Prompt:
Determine how many lines in the records below contain "from", then state that number alone.
================================
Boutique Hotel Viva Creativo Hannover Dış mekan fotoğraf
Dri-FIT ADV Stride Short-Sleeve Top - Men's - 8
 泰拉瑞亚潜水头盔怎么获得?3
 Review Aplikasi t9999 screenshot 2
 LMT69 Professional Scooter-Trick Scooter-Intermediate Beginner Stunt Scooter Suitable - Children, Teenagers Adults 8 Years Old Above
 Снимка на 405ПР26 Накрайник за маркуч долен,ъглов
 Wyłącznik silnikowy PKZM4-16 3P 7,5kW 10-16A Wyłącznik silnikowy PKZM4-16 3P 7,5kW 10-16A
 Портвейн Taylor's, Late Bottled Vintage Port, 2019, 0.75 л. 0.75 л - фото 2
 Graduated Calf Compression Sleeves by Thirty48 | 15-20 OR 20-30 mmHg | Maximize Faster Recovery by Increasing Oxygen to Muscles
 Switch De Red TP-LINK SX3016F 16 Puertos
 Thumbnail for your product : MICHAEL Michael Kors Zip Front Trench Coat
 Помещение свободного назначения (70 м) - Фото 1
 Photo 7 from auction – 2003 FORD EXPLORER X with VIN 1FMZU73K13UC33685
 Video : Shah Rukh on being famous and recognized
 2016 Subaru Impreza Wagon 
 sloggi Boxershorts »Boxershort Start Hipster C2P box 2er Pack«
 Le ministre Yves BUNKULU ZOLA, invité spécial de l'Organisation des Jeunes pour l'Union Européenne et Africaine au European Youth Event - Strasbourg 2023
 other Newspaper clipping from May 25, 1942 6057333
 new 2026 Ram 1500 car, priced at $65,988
================================
Exercise solution:
2